Redevelopment: Members of North Hollywood citizens panel vow to defy assistant city attorney, who says the state conflict-of-interest law would be broken.

September 10, 1998|MICHAEL BAKER | SPECIAL TO THE TIMES

NORTH HOLLYWOOD — A city attorney warned members of a citizens advisory committee not to consider a proposed 43-acre studio development in the heart of the North Hollywood redevelopment project, but some panel members challenged the advice, saying they would discuss it anyway.

Assistant City Atty. Anthony Alperin issued the warning Tuesday because he said state conflict-of-interest law prohibits an elected group from participating in discussions of public projects in which any member of the group has a financial interest.

Since three members own property within the proposed development area, Alperin advised the Project Area Committee that it would be illegal for the group to discuss the studio project proposed for North Hollywood by J. Allen Radford of Santa Monica-based JARCO/SLG&G.

"I will continue to participate and I'm really not concerned," said PAC member Mildred Weller, who owns property within the proposed studio development area. "It's absolutely ludicrous, this whole concept that we will have a conflict."

Alperin, who specializes in conflict-of-interest law, offered an analysis of state Government Code Section 1090.

The PAC was established as an elected 25-member advisory group to the city's Community Redevelopment Agency, which is overseeing a 740-acre project in North Hollywood.

"You can't be financially interested in a contract that's with the mutual body of which you are a member," Alperin said. "Basically, what it's saying is that the whole body is disqualified."

Alperin said his broad interpretation of the law was based on court rulings in similar cases.

"The court said this is a draconian law and that's the way the legislation was written," Alperin said at the meeting. "Is it tough?
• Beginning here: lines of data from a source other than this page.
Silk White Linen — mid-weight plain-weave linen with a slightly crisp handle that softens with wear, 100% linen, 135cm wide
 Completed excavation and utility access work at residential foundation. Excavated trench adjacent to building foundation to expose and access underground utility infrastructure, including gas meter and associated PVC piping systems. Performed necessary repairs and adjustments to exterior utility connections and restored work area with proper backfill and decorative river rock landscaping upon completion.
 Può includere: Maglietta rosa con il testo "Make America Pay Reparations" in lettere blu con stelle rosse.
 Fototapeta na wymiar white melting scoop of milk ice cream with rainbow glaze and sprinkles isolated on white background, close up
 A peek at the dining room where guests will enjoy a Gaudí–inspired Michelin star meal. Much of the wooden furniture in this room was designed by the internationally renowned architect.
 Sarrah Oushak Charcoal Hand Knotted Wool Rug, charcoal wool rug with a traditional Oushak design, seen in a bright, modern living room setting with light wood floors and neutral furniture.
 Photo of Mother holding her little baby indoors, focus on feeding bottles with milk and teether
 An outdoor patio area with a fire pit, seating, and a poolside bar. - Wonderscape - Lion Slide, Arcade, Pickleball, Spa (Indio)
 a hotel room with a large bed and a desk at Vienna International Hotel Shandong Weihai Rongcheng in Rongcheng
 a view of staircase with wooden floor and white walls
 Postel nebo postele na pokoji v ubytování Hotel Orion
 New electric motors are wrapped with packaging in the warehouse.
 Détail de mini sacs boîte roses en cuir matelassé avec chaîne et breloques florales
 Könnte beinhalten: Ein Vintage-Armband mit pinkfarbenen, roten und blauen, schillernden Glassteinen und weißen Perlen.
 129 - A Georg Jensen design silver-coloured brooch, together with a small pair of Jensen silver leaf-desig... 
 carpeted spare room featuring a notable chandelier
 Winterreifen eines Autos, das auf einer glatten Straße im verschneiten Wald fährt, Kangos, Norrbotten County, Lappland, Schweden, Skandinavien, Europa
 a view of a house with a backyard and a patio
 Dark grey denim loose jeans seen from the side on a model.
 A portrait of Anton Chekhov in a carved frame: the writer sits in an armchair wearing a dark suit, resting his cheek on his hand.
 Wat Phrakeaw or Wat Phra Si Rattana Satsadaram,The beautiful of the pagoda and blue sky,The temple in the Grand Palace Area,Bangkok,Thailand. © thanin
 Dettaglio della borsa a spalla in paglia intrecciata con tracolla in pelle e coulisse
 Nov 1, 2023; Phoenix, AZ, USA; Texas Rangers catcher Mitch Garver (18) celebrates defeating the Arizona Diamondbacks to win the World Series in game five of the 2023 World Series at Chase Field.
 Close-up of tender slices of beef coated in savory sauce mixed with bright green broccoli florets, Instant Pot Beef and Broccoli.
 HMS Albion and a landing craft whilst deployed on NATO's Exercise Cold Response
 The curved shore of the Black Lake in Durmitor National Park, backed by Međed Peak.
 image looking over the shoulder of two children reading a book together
Is it broad? Yes, it is, but I don't write the laws and you don't write the law."

According to state code, violators can be punished with fines up to $1,000 or by imprisonment, and are forever disqualified from holding any office in the state.

PAC members called Alperin's interpretation a Catch-22 that runs counter to the goal of advising the Community Redevelopment Agency on policy matters.

If you have to have interest in property in the redevelopment area to be eligible to serve on the PAC, then inevitably there are going to be conflicts with any project, Virginia Soltes said.

"If we all have a conflict of interest, then why are we here?" she asked. "Even if it's advice we give, it's a conflict of interest. [Alperin] is telling us to shut up, nicely."

Alperin said he was not trying to silence the PAC but was simply offering the same legal advice he has given to other advisory groups and government agencies.

"Do we always like that?" Alperin asked. "No, I don't like it, but I'm stuck with the law just like we're all stuck with the law."